Jean McNeil is the author of ten books including four novels and a collection of short fiction. Her work has been short-listed for the Governor General’s Award for Fiction, the Journey Prize, and she has won the Prism International prize for short fiction and subsequently for narrative non-fiction. She is the co-director of the Masters in Prose Fiction at the University of East Anglia and lives in London, England.
I really enjoyed this book,as a Nova Scotian I can relate to Jean McNeil description of the landscape and characters. Like the landscape of Cape Breton her characters are sharp, colorful and honed by nature. "Life is a never ending loop"-- grief, loss and the bonds of loved ones are timeless themes of the book in a world where nothing is black and white. Beautiful language that left vivid images in my mind, this is a book I would reccomend to anyone who enjoys a non-sugary read.
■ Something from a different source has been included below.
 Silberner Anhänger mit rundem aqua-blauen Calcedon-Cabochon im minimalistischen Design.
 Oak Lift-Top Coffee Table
This book had been sitting on my shelf for years. I thought it was very well written and very poetically written. The whole book has a dream like quality and sometimes you have a hard time figuring out if what you're reading is actually happening or if its a thought in one of the character's heads. I wish the ending had been tied up a little 'nicer' but I guess the author wanted to leave us thinking messiness would continue. I liked the way the author brought real world events into the narrative. I thought her descriptions of Nova Scotia were good:
"The road to Clam Harbour is a ribbon of frost-shattered asphalt bleached by the sun to an attractive light denim. It cuts through a black corridor of spruce to open onto shimmering fingers of lake."
And: "It is early May and the last of the old ice is unlocking its fists. The thawing ground is strewn with survivors of the yearly permafrost: a Baxter's Chocolate Milk carton, its brown swish bled to yellow, a couple of pennies hollowing the ground in perfect circles, carpets of sodden pine needles, their stale menthol scent. It was hard to believe that one day soon this unlovely spring would become, almost overnight, a hesitant yearning toward summer."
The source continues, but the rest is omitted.